The skyrocketing cost of health care is among the top three worries of middle-income baby boomers, according to a new survey by The Blackstone Group for Bankers Life and Casualty's Center for a Secure Retirement. The other two concerns are inflation and outliving one's money.
The survey, "Middle-Income Boomers, Financial Security and the New Retirement," examined 500 Americans aged 47 to 65 with income between $25,000 and $75,000. The survey found that 95 percent of respondents are concerned about paying for their retirement, with 80 percent particularly concerned about health care costs.
To counter the looming expenses associated with retiree health care, 64 percent have tried to limit their spending in this area, with 55 percent delaying a visit to the doctor, 26 percent postponing elective surgery and 25 percent choosing a cheaper health care plan. Furthermore, 55 percent reported spending less on such things as restaurant meals, vacations and gifts; 43 percent have reduced their credit card debt.

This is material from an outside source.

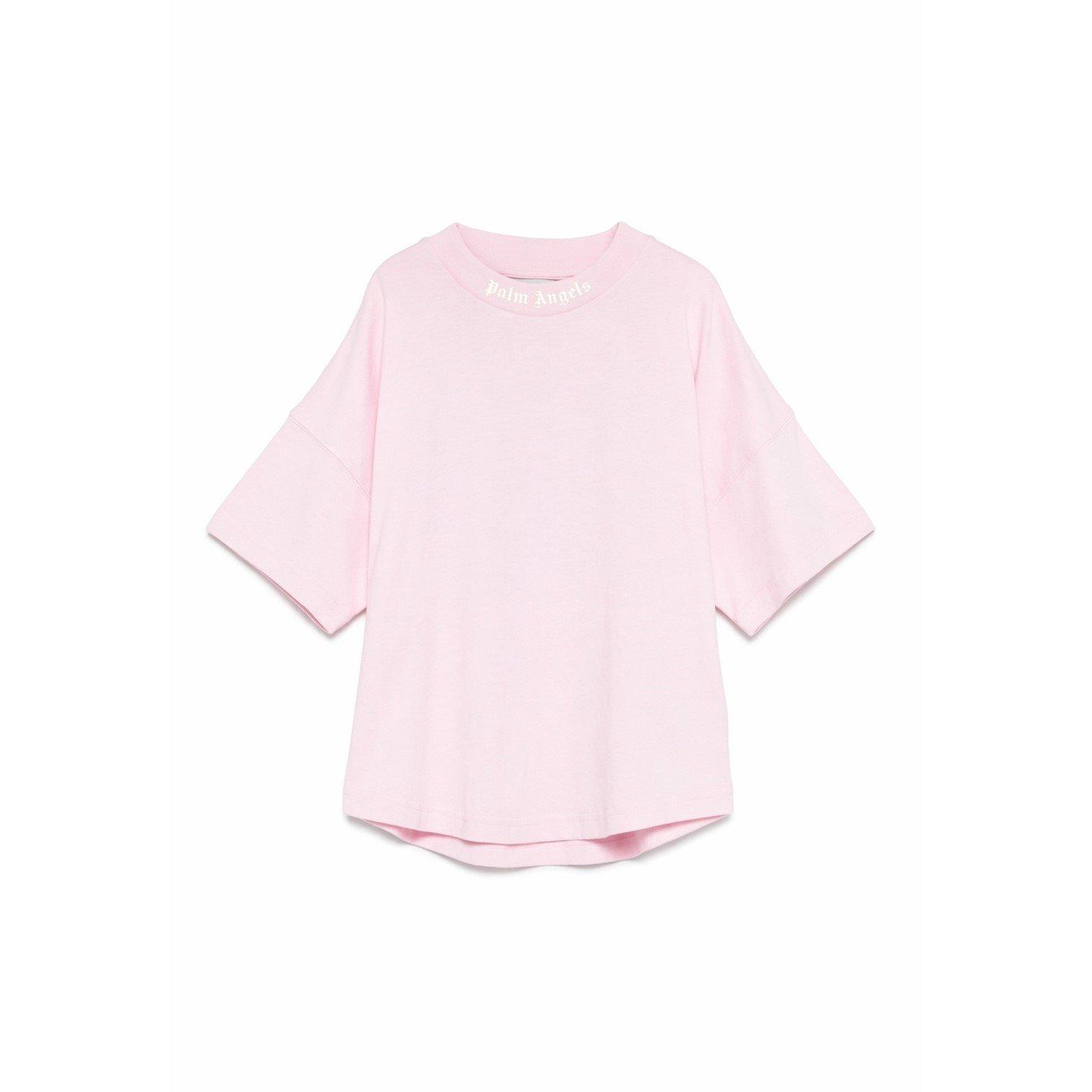 Rose Pink - Palm Angels - Unisex Kids' Classic Overlogo T-Shirt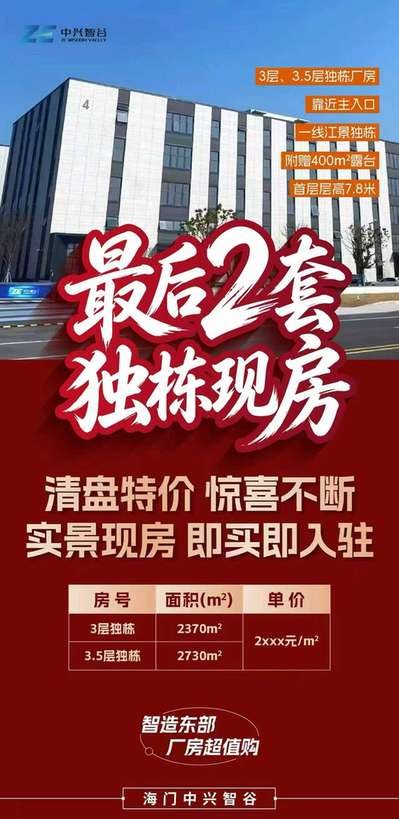 海门中兴智谷独栋厂房实景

The recent financial crisis shook many middle-income boomers, and 47 percent said the changes they have made in their financial behavior will likely become permanent. Economic uncertainty continues to be a major concern for those soon to be retired, especially middle-income women. Such women tend to worry more about paying for retirement, with concerns focusing on inflation, outliving their money and the languishing stock market.
"Adequately planning and saving for retirement now is the best defense against life's unexpected financial burdens later," said Bankers president Scott Perry. "Set a clear retirement goal with realistic expectations and remember to revisit your plan on a periodic basis."